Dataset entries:
********************
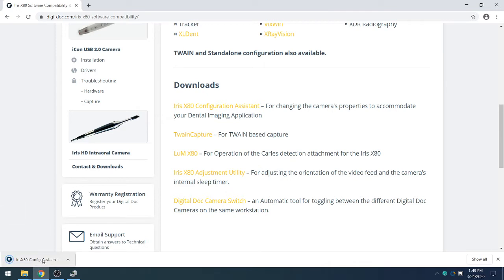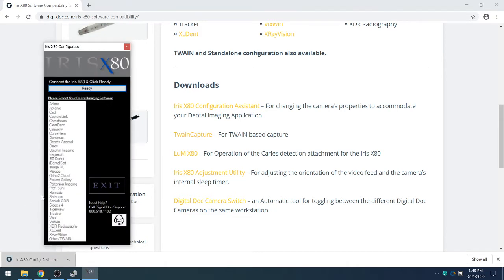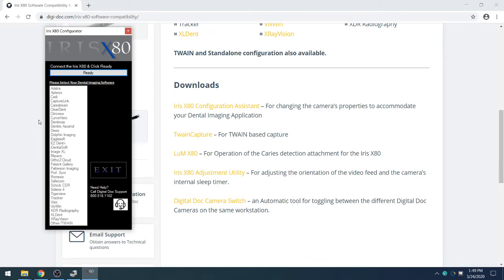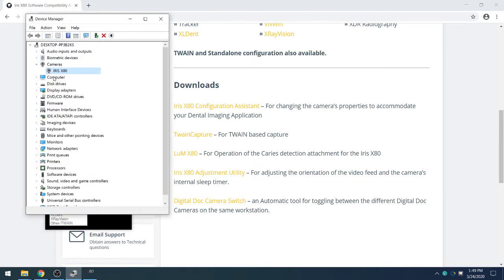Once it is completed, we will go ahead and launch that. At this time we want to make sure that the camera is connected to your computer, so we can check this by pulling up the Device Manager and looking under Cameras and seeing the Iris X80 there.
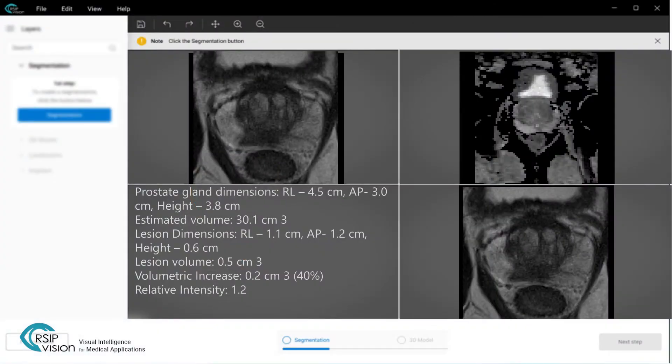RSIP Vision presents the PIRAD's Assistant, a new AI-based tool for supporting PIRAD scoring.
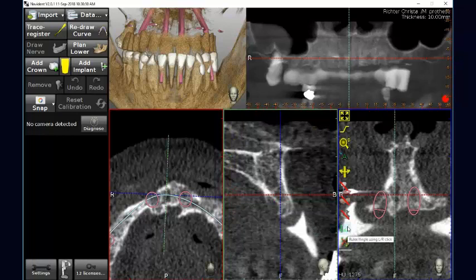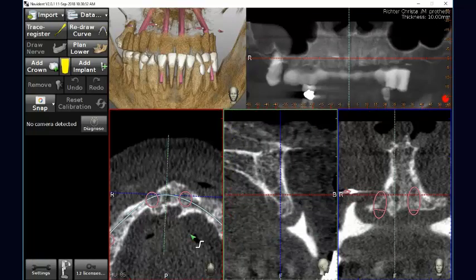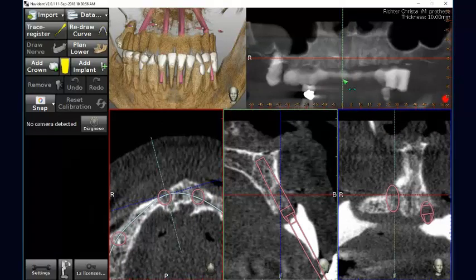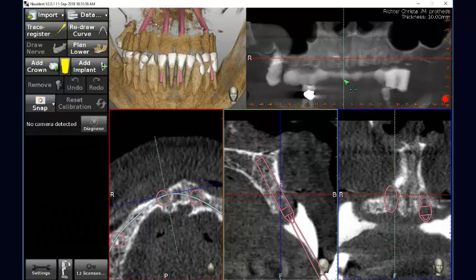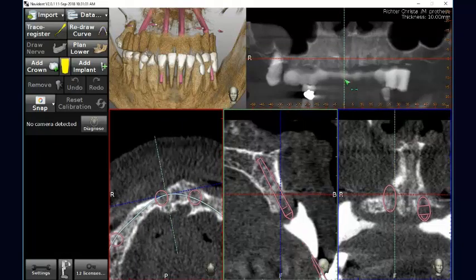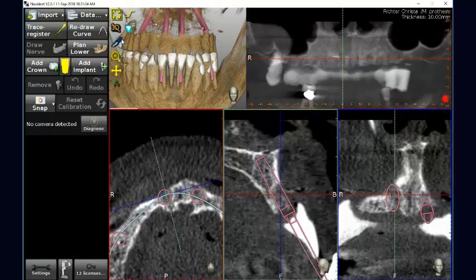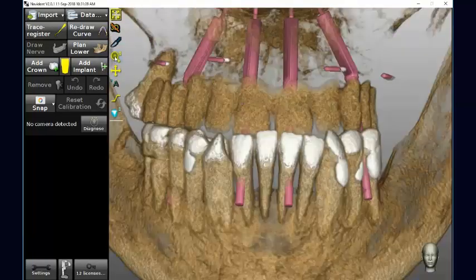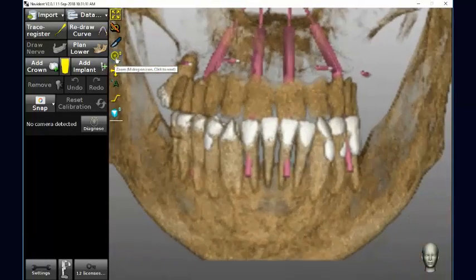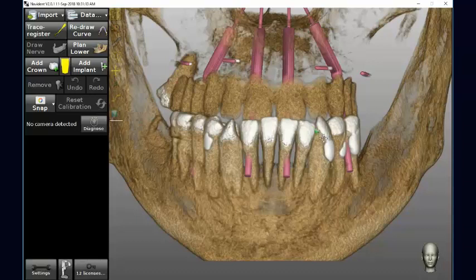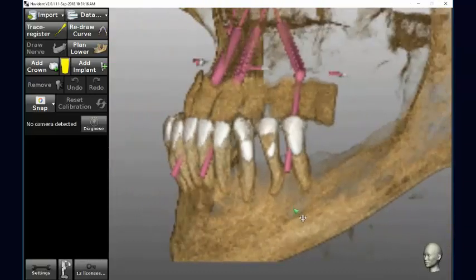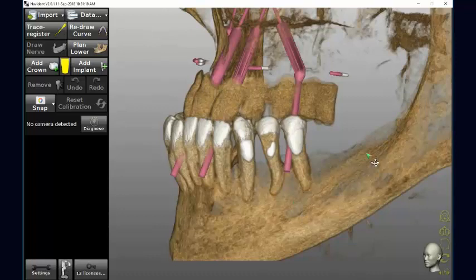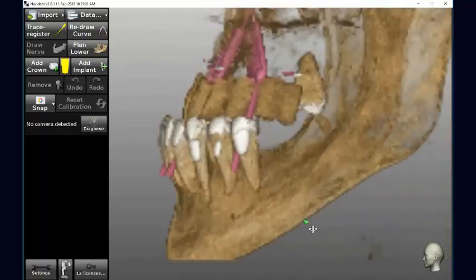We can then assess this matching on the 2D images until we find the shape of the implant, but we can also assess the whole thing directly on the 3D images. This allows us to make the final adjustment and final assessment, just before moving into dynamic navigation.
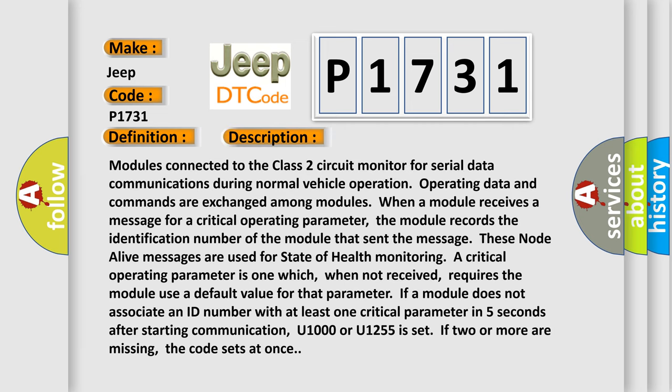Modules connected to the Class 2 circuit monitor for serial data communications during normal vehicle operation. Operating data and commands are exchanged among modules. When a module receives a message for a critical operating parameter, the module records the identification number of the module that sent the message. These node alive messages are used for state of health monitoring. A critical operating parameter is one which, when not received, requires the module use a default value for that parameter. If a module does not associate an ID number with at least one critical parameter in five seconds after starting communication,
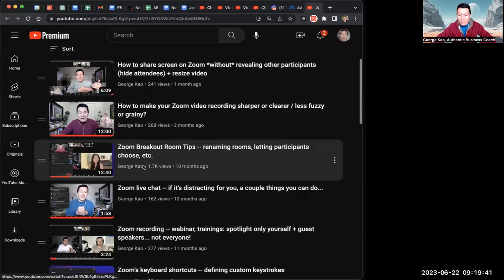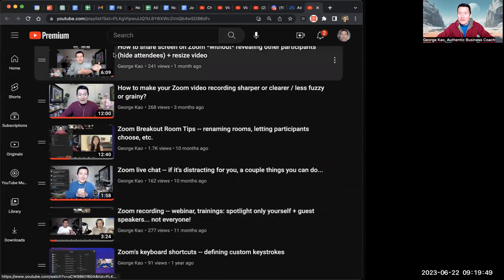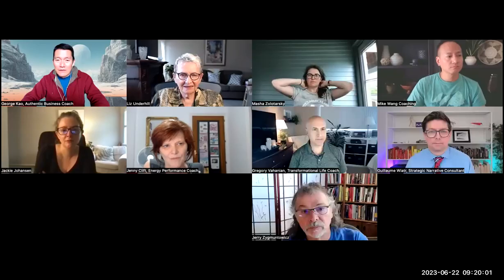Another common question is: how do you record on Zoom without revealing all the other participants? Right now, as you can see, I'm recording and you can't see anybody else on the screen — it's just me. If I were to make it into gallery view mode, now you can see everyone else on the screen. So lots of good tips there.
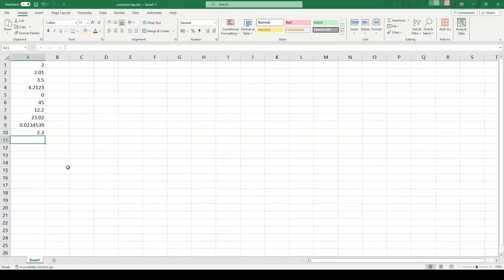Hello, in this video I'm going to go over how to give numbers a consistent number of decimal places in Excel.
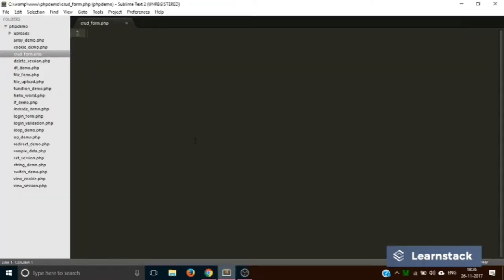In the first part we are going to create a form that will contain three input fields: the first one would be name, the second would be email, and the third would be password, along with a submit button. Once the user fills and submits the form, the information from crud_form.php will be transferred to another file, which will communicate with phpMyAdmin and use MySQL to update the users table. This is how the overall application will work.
********************
## Work request
Copy every line exactly, from the opening line of the entries down to the line holding "RSIP Vision presents", and keep the pictures out.

## Result of the exercise
Once it is completed, we will go ahead and launch that. At this time we want to make sure that the camera is connected to your computer, so we can check this by pulling up the Device Manager and looking under Cameras and seeing the Iris X80 there.
RSIP Vision presents the PIRAD's Assistant, a new AI-based tool for supporting PIRAD scoring.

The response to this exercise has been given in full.